Diese Reise war nicht leicht, manche Eindrücke nur schwer zu verkraften Es war eine Reise auf den Spuren von Massenmorden, die auch emotional belastete, und dennoch eine Reise mit vielen wertvollen Begegnungen mit Menschen, die sich dafür engagieren, die Menschen, die diesen Morden zum Opfer fielen, der Vergessenheit zu entreißen, wo das noch möglich ist, und ihnen dadurch ihre Würde zurückzugeben. Unter diesen Ermordeten, für die niemand das Kaddisch, das jüdische Totengebet, sprach, sind 30 Osnabrückerinnen und Osnabrücker. Drei davon, die Geschwister Edith, Carl und Ruth-Hanna Stern, waren noch kleine Kinder.

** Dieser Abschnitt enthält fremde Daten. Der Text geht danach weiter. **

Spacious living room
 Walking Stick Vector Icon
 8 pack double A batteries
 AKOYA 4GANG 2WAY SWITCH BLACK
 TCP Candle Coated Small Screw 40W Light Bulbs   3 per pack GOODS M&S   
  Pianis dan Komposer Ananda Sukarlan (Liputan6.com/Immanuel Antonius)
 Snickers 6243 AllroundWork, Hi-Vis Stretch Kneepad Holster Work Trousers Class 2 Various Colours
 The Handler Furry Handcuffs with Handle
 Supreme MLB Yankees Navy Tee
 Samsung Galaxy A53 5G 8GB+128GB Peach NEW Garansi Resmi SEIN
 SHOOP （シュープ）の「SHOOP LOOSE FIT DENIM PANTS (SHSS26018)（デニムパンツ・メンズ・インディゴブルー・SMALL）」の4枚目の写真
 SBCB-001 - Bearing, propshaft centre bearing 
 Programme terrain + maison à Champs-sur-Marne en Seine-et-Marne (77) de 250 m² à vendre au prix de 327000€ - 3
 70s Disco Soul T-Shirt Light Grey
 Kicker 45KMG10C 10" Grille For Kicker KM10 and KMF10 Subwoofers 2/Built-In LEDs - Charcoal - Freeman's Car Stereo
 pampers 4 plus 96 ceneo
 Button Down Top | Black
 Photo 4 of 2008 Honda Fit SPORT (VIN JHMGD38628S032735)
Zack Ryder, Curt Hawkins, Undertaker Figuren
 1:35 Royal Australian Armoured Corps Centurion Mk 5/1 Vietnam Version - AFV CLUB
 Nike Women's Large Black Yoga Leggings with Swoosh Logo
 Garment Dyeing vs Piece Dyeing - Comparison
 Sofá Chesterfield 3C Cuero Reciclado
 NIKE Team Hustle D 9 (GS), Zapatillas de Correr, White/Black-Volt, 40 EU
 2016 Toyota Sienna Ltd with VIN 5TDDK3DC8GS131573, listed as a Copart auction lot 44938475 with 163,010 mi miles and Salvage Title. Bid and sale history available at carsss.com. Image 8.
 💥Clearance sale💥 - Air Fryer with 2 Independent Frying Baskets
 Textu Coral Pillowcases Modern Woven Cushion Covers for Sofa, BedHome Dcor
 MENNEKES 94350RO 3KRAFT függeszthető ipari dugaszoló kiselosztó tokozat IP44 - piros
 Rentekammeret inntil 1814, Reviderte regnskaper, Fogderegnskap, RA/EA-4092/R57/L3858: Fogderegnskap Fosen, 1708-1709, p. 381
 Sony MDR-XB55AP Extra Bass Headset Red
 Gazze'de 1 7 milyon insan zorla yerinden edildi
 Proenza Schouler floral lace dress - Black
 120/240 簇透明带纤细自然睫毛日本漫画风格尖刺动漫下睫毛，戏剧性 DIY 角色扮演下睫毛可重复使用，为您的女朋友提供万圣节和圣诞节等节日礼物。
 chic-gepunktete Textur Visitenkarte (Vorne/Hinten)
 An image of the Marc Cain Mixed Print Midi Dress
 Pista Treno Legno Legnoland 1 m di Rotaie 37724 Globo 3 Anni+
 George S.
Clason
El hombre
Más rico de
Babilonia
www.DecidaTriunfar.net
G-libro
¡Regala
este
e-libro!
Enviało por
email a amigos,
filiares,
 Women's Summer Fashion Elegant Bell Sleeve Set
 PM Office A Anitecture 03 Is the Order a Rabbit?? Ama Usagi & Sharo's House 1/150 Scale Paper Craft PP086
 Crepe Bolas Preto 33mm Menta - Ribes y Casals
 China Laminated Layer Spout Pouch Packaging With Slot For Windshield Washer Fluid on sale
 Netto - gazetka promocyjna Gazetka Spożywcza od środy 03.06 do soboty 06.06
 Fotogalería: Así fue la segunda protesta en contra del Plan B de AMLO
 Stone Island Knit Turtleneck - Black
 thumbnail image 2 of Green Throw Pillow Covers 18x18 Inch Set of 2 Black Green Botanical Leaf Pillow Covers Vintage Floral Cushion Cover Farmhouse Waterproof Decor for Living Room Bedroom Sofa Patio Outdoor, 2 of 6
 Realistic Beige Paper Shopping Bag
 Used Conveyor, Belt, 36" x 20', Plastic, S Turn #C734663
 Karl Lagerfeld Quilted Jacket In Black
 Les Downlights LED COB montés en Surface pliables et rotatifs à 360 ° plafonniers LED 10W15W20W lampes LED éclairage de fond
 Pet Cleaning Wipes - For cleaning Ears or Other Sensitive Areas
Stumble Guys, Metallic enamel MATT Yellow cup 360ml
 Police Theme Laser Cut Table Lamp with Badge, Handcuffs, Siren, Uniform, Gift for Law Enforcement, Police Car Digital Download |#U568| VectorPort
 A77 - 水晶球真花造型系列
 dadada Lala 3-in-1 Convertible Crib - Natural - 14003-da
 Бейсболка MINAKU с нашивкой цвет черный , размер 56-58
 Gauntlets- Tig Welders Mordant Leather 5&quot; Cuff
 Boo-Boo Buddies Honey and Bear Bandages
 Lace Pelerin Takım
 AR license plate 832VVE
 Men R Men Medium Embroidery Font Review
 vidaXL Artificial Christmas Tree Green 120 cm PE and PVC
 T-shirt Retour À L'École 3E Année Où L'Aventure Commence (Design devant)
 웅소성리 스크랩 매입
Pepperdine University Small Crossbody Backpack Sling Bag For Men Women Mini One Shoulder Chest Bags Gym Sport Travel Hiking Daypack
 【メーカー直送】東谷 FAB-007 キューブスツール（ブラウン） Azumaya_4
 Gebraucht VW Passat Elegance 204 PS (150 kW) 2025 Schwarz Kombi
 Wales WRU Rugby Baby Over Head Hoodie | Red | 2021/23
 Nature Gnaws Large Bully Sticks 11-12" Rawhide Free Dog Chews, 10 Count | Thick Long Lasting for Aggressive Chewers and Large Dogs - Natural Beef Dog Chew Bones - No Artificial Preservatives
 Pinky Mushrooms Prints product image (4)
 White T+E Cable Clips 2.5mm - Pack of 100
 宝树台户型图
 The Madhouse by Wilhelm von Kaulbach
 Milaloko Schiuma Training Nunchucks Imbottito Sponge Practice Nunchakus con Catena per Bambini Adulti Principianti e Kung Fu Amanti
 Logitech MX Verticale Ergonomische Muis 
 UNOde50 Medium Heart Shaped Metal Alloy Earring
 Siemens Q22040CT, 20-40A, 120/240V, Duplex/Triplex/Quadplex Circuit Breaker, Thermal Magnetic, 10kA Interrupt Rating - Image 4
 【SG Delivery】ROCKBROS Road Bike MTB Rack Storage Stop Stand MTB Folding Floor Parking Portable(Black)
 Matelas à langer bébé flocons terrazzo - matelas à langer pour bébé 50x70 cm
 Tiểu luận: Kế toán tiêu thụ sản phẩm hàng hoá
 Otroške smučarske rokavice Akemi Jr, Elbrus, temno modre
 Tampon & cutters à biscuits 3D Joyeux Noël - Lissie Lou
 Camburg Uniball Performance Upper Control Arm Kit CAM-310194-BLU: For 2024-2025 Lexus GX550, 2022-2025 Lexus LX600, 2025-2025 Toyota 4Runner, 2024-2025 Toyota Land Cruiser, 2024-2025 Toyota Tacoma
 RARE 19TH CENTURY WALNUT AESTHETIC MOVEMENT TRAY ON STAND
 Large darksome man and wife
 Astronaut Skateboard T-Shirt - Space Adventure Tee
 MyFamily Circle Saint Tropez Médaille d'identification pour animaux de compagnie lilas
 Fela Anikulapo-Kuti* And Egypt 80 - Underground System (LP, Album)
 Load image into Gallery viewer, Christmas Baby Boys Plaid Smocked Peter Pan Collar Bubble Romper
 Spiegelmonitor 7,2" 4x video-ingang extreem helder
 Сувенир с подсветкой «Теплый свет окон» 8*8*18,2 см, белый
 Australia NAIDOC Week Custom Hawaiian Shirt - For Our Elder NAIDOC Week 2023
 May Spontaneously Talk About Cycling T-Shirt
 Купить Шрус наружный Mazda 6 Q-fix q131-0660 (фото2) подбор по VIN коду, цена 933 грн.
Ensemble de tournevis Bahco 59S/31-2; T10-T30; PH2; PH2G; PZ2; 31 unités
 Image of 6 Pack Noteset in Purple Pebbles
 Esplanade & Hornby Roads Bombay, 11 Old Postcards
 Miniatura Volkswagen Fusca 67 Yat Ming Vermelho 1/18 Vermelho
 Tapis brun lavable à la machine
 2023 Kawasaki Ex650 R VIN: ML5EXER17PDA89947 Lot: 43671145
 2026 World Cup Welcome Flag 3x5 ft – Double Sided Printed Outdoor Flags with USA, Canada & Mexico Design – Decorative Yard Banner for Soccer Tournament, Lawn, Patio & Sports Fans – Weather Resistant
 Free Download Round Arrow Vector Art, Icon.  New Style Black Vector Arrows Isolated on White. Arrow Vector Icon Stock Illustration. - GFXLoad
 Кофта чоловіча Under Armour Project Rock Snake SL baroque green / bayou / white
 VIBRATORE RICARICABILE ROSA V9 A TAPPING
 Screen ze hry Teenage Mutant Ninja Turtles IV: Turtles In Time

Am 31. Juli 1941 wurde der Leiter des Reichssicherheitshauptamts, Reinhard Heydrich, von Reichswirtschaftsminister Hermann Göring mit der Vorbereitung der Endlösung der Judenfrage beauftragt, der systematischen Ermordung aller europäischen Juden. Im Oktober 1941 ordnete Hitler die Deportation der jüdischen Bürgerinnen und Bürger aus dem Reichsgebiet an. Sie wurden in Transporten von je 1.000 Personen in die Ghettos Lodz in Polen, und Minsk in Belarus, Kaunas und Vilnius in Litauen und das lettische Riga gebracht.
In den Ländern der ehemaligen Sowjetunion wurde der Holocaust über Jahrzehnte verdrängt und tabuisiert. Neue Verbrechen durch das stalinistische Regime überlagerten die Erinnerung an die deutsche Besatzung und die Verfolgung von jüdischen Menschen und anderen Bevölkerungsgruppen. Für die Sowjetunion gab es keine jüdischen Opfer und damit auch keinen Holocaust. Die Ermordeten waren alle Sowjetbürgerinnen und -bürger. Es ging um Heldengedenken, alle Toten galten gleichermaßen als „Opfer des Faschismus“. Die Erinnerung an die massive Beteiligung der einheimischen Bevölkerung an den Morden wird den Litauern und Letten auch heute kaum zugemutet.